Франни принесла стакан побольше, потом сунула ноги в туфли и пошла к своим столикам. Ей было неловко просить клиентов закругляться, она ведь давно бросила их на произвол судьбы, но, похоже, за обоими столиками на нее не держали зла. За одним ей сунули кредитную карту, а за другим двое предпринимателей вручили непостижимо крупную сумму наличными и стали натягивать пальто. Когда Франни вернулась к бару, Генрих закрывал пластиковой пленкой миски из нержавеющей стали, укладывая на ночь в холодильник коктейльные вишни.
— Вам дали чаевые за туфли? — спросил Лео Поузен.
Скотч исчез. Лео Поузен сидел, облокотясь на барную стойку и глядя в пустоту.
— Дали.
— И сколько же?
Генрих оторвался от работы и поднял глаза. Он тоже был не прочь услышать ответ на сей неприличный вопрос. Пусть говорить о чаевых не принято, но интересно же.
Франни замялась:
— Восемнадцать долларов.
— Это нам ничего не скажет, пока мы не выясним, на какую сумму был счет. Если эти двое пили винтажное монтраше, то они вас обобрали.
— Не пили они монтраше, — сказал Генрих.
Франни вздохнула. Не объяснять же, что ей нужны деньги, что она ночует на диване у Кумара, чтобы оплатить следующий взнос по займу.
— Двадцать два доллара.
У Генриха вырвалось что-то вроде резкого выдоха, как если бы его ударили в живот.
— Не тем я занялся в жизни, — сказал Лео Поузен.
Генрих взглянул на него с сомнением:
— Вам бы они столько не дали.
— А что другой столик? — спросил Лео.
Франни подняла руку, мол, хватит.
— Я бы в жизни не догадался, — сказал Лео Генриху.
Он полез в карман, вынул и бросил на стойку коричневый кожаный бумажник, распухший от кредитных карт, фотографий, наличных и сложенных счетов. Бумажник упал с мягким «бум», будто бейсбольный мяч, прилетевший в перчатку.
— Вот, — сказал он. — Берите все. У меня сейчас нелады с математикой.
Франни выбила чек, свернула бумажку и сунула ее в чистый бокал для виски. Так было принято в Палмер-Хаусе, маленькое напоминание клиенту, на что он умудрился просадить столько денег. Странствующий голубь весь вечер просидел на скамье рядом с Франни, но что с ним делать дальше? Нельзя сунуть его в сумочку и унести домой, нельзя поселиться с ним в парке, пока он сам не улетит. Слишком холодно и темно.

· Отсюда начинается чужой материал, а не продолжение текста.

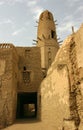 Nasr-ad-din-mosque at al Qasr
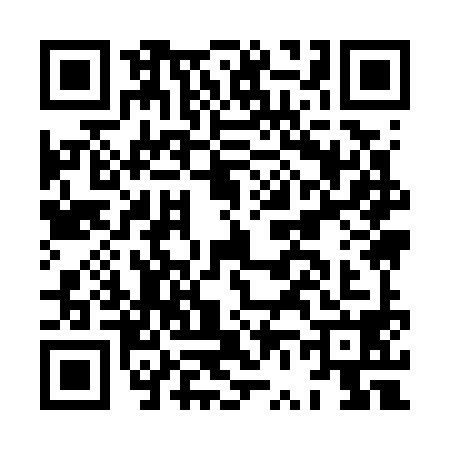 QR code for HV97986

Лео Поузен вздохнул и открыл бумажник.
— Вы мне даже не поможете? — спросил он.
Франни покачала головой и принялась протирать стойку. Она подозревала, что отчасти дело в математике. Чем пьянее человек, тем менее тверд в дробях, вот и решает — если обсчитываться, так по-щедрому. И еще она думала, не потому ли клиенты дают такие большие чаевые, что им стыдно перед нею за свое пьянство? Или они рассчитывают, что Франни бросится за ними вдогонку и сообщит, что за восемнадцать долларов они могут получить еще ночь любви?

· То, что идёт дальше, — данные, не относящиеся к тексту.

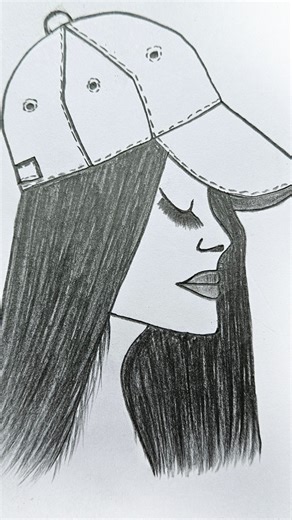 ✨️$ĥãmẓ̌ $ƙęŧč̣ĥïñğ Ãřŧ✨️ on TikTok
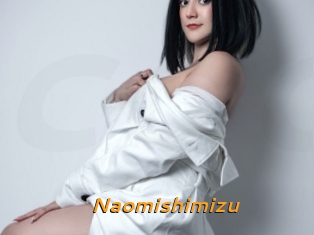 naomishimizu Cuckold Directory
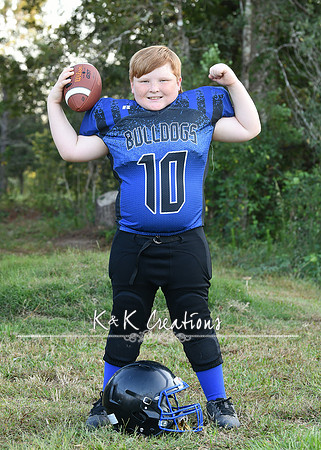 HANK MALLORY_2382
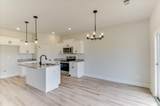 850 Brewer Drive - Photo 16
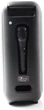 Портативна колонка Bluetooth BT 2427 4x2 з мікрофоном 20 Вт, караоке колонка з LED підсвіткою, USB, AUX, TF, FM, TWS, акустика з пультом ДК, блютуз колонка для телефону iPhone Android з підставкою під смартфон - зображення 4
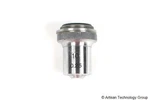 Akashi 10/0.25 Microscope Objective. Fixed Price $145.00.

Лео Поузен по-прежнему сидел на месте, только аккуратно положил деньги поверх счета; его стакан и салфетку уже убрали. Все остальные посетители бара Палмер-Хауса ушли. Заглянул из ресторана Хесус, уборщик посуды, — убедиться, что на столах ничего не осталось. Он посмотрел Лео Поузену в спину. Пора было браться за пылесос.

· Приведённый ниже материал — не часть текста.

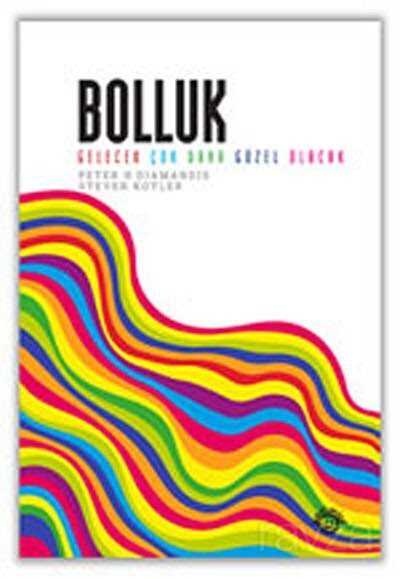 Bolluk - 1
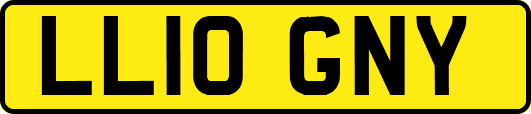 LL10GNY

Закрыв смену и надев пальто, Франни вернулась в бар. Пальто у нее было длинное, стеганое, мать купила его для Франни, когда та поступила на юридический. «Спальник с рукавами», говорила мать, и так оно и было: забираясь в постель, Франни частенько накрывалась им поверх одеяла. Она остановилась возле стула Лео Поузена.
— Я ухожу, — сказала она, впервые за все время работы здесь желая, чтобы вечер длился подольше. — Было здорово.
Он взглянул на нее.
— Мне понадобится ваша помощь, — произнес он ровным голосом.
Голубь вспорхнул со скамейки и уселся Франни на колени, тычась головой в складки ее пальто.
— Я позову Генриха.
Она говорила очень тихо, хотя никого, кроме них двоих, в зале не было. Вот поэтому и не следует перехватывать клиентов у Генриха, даже если эти клиенты — знаменитые романисты. Отвечать за них в итоге все равно Генриху.
— Он проводит вас к лифту.
Лео Поузен слегка повернул голову влево, словно хотел помотать ею в знак несогласия, да потерял мысль.